Weaving your story to boost SEO
In the first part in this series on SEO basics we discussed how creating engaging content is king. Now that you’re thinking about how you can turn your business into a story (or series of) worth reading (and linking to!) we can look at the things you need to weave into it to further boost your SEO.
There are any number of paid programs and services out there that can help with identifying key words and key terms. This blog is not intended to be a technical guide but will just be talking about simple things you can do yourself to improve your searchability.
Key words and key terms
Search Engine Optimisation is the art of being found on search results. These results are a combination of the search term entered and the ranking of a site for that particular search term (or subject area).
You can improve your search results by thinking about what people will type to find your website and then applying those thoughts to your website’s content.
What individual words best describe your products or services? If your customers are regular consumers, are they words or names that the average person or prospective customer would know? Write them down, check your site content. Are they in there? This suggestion might sound silly, I know but you would be surprised how often a proper description is neglected.
If you were going to search for the product or service your business offers, what would you type into the Google search box? Without leading your thoughts too far down the path, research shows that most people don’t just type in one word when looking — they will use a term that is generally three to five words. For example: ‘management consultant Sydney’ or ‘highest tax returns Melbourne’. Again, write these down and check your content.
Is your business location based? If so make sure you add your location to your list. Location information is extremely common in search phrases. See SEO for Beginners Part I for adding your business to Google Maps.
Adding key words to content
Look at ways of incorporating key words and key terms into your page content. Synonyms are a great way to say the same thing twice and still have readable content. Keep thesaurus.com in your bookmarks – it can also help overcome writer’s block!

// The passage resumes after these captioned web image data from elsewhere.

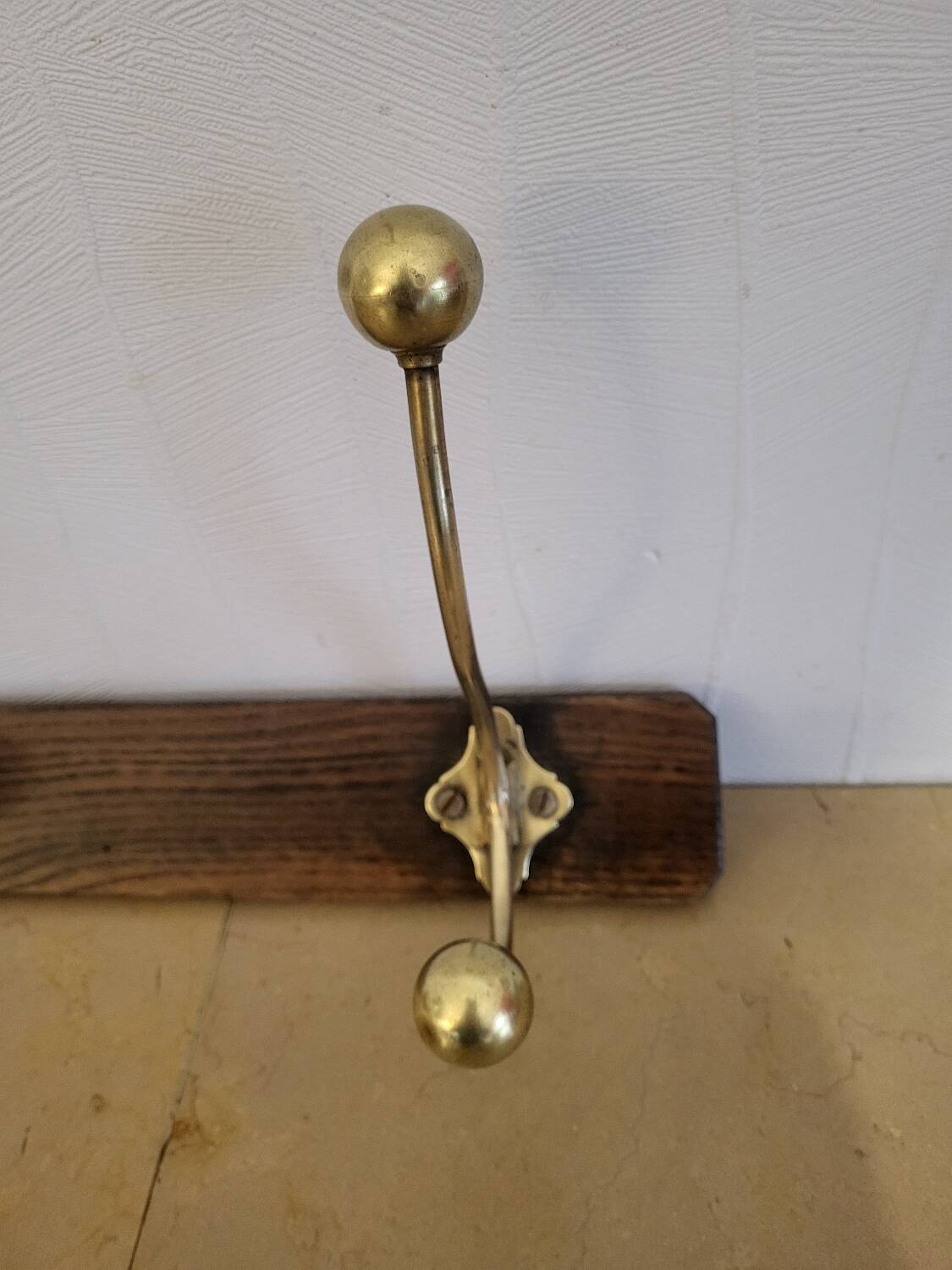 Patères bois et laiton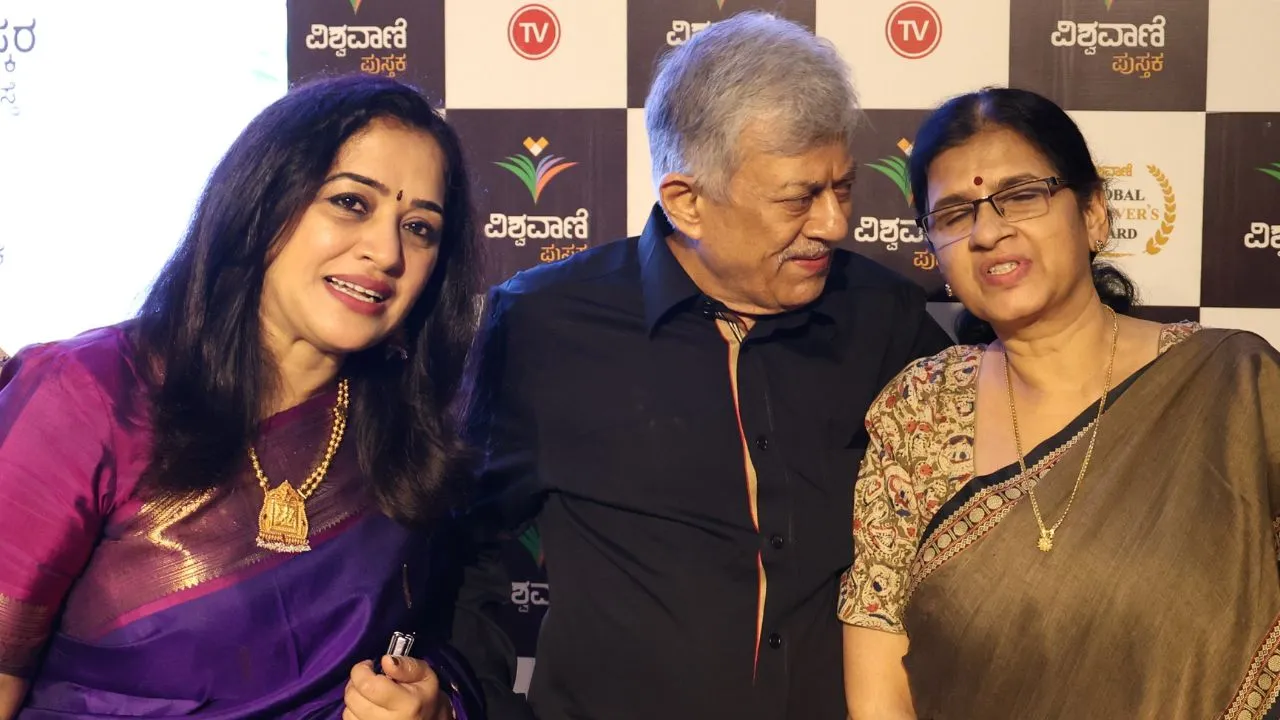 Special Photo Gallery: ವಿಶ್ವವಾಣಿ ಪುಸ್ತಕ ಬಿಡುಗಡೆ ಸಮಾರಂಭ; ಅನಂತನಾಗ್ ಜತೆ ಅಭಿಮಾನಿಗಳು! - Image 88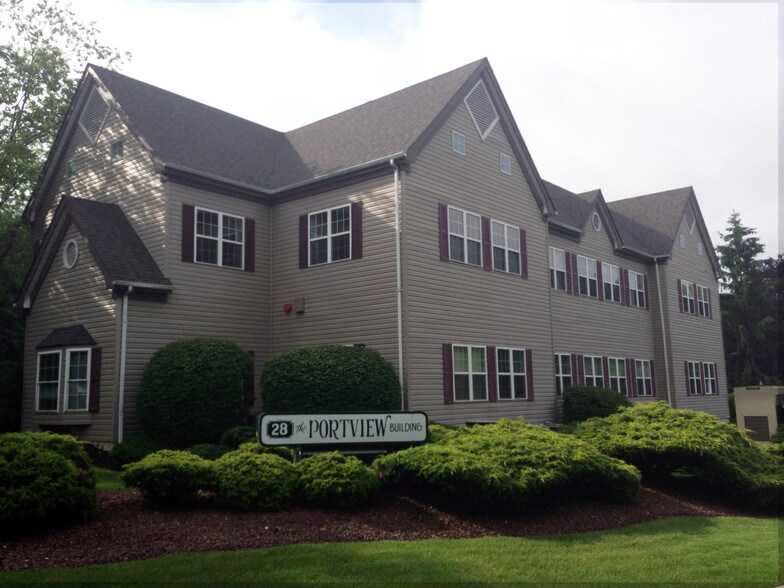 More Photos Of 28 N Country Rd, Mount Sinai Medical For Lease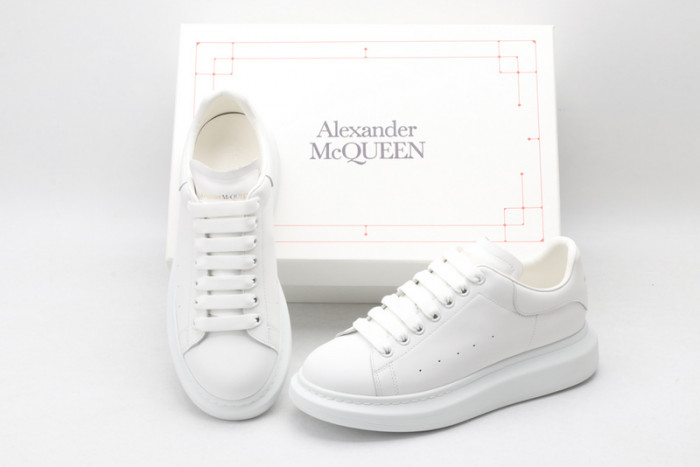 alex mcqu sneakers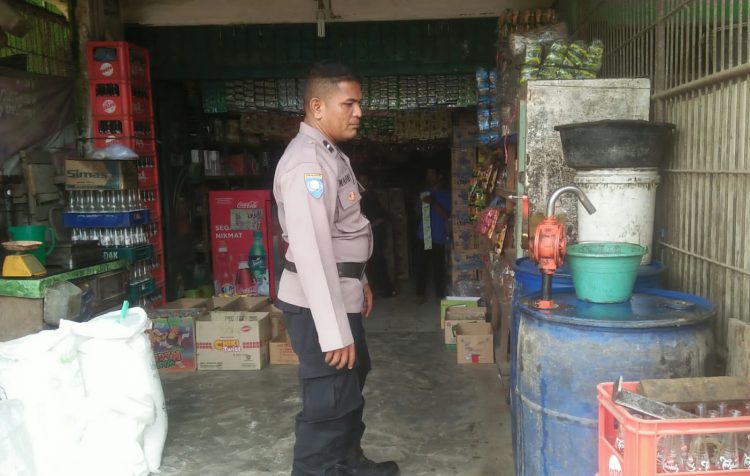 Personel Polsek Samudera mendatangi sejumlah pedagang di pasar tradisional dan toko kelontong di seputaran Kecamatan Samudera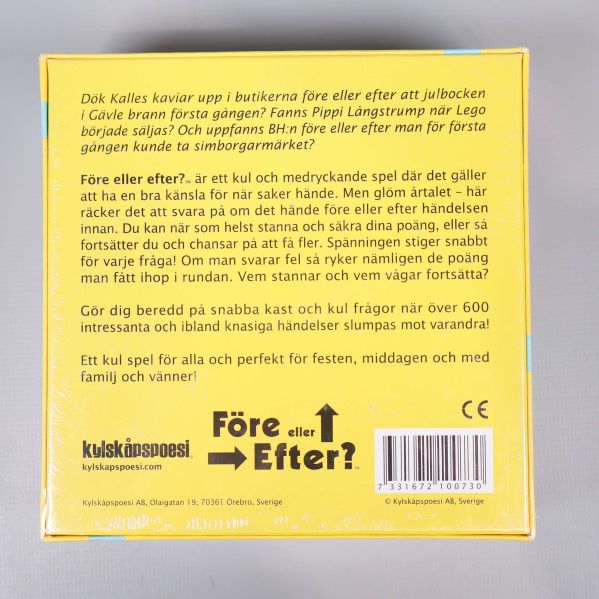 Spelets baksida med beskrivning och logotyp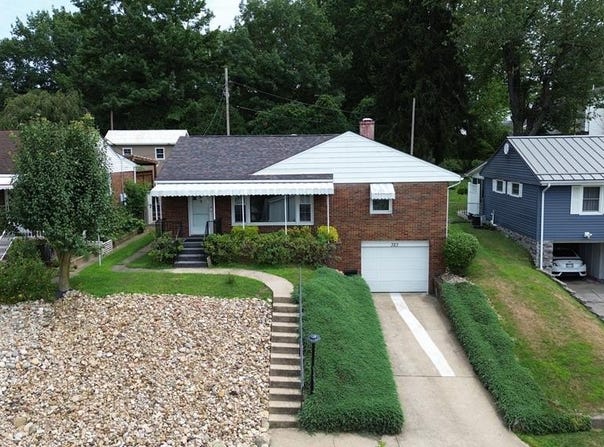 323 CHESTNUT AVE, Wheeling, WV 26003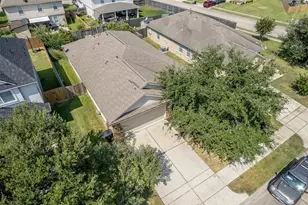 8019 Rosemary Drive, Baytown, TX 77521 - Photo 5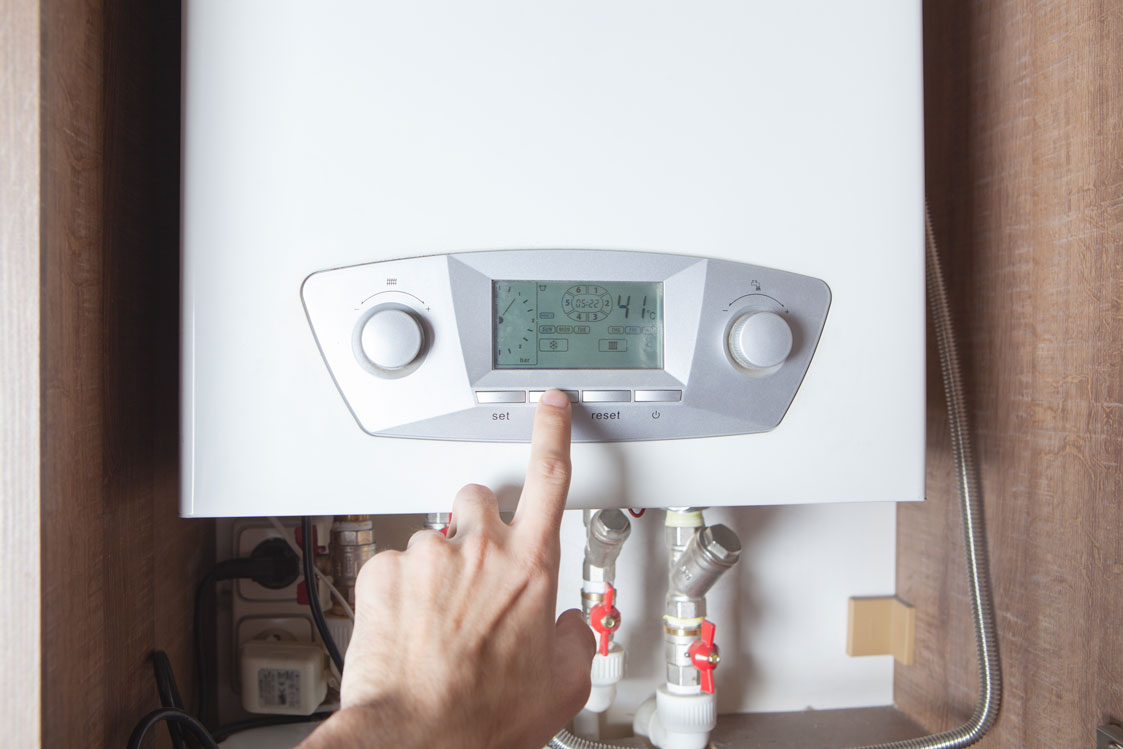 Ik heb wel verwarming maar geen warm water, wat kan ik doen?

Remember that the quality of your content is king and must be written for humans. Don’t write page or blog content like this:
"We provide graphic design solutions to businesses needing help with design. Let us help you manage your brand with our proven graphic design techniques, go to www.graphicdesign.…"
This is called keyword stuffing and is a big no-no. When adding keywords and key terms, make sure it is done in a way that reads naturally. A loose rule is to have one mention in the main heading, a couple in the initial stages of the copy and at the end of the page.
Meta descriptions themselves don’t directly affect search results, but if your page comes up in a search, will appear below the page link. It is still well worth having and well written Meta can help you achieve more clicks.
Another valid point to consider is if you have thought about what people will see in search results you have thought about your site’s content.
The problem with Meta descriptions is you only have a Tweet’s worth of characters (160 max) to describe the page/site. This brings us to the next points about meta data:
Every page and every blog on your site should have a meta description associated with it (sometimes called a page description).
When you write meta data for your page, don’t try to describe everything your site does but if possible sneak in your core message/term.
Describe what the page is trying to tell people – summarise and make sure to include key words in the summary. But don’t stuff it.